In other new-issue activity, Morgan Stanley priced $405 million of education loan revenue bonds for the Massachusetts Education Finance Authority, following a retail order period yesterday. The deal includes a $318.5 million series of tax-exempt education revenue bonds maturing between 2012 and 2030, with coupons ranging from 2.00% to 5.30%. A second series of bonds subject to the alternative minimum tax totaling $86.5 million mature from 2012 to 2031 with coupons ranging from 2.55% to 5.70%. Both series are rated AA by Standard & Poor’s and A by Fitch.

Elsewhere, Citi priced $195 million of Indianapolis Local Public Improvement Bond Bank bonds yesterday in the first of two borrowings that will finance construction of a new, $754 million safety-net hospital for Marion County.

The bonds were divided into two series, $40.8 million of tax-exempt, fixed-rate Series 2010A-1 bonds that will mature from 2013 through 2022 with coupons ranging between 3.00% and 5.00%, and $154.2 million of taxable, direct-payment Series 2010A-2 BABs.

The BABs were offered as term bonds due in 2030 and in 2040, yielding 5.85% and 6.00%, respectively, before the federal subsidy, or 3.80% and 3.90% after the 35% federal subsidy.
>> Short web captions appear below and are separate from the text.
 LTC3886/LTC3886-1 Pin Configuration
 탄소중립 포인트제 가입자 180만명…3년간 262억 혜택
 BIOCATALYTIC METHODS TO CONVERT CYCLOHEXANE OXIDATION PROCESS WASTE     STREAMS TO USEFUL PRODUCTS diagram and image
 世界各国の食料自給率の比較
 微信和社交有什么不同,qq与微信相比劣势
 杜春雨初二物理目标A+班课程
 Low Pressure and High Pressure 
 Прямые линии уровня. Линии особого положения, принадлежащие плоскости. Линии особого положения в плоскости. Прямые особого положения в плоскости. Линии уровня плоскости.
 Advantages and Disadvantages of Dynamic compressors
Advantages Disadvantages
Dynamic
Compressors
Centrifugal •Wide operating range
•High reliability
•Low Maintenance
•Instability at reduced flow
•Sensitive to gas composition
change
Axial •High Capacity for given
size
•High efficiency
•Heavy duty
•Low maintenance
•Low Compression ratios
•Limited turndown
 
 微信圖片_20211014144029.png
In economic data released yesterday, the Institute for Supply Management reported that its January non-manufacturing index rose to 50.5 from 49.8 in December, indicating that the services sector expanded slightly. The increase was below market expectations of 51.0.

Also, the ADP survey of private employment found that 22,000 jobs were lost in January, the smallest monthly decline in two years. Economists had been expecting a decline of 30,000.

Conrad DeQuadros, economist at RDQ Economics LLC, said Treasury yields rose as both economic indicators were consistent with the market’s optimism for tomorrow’s non-farm payrolls indicator. The ADP report showed back-to-back monthly gains in the services sector and the decline in manufacturing jobs was the smallest decline since January 2008, he noted, while the ISM survey showed a smaller contraction in employment compared to previous months.

“Obviously there’s nothing suggesting robust payroll growth, but there is the suggestion in a number of reports today that the labor market in January is better than what we saw in December, and so maybe the market is setting up for a report on Friday that suggests that as well,” he said.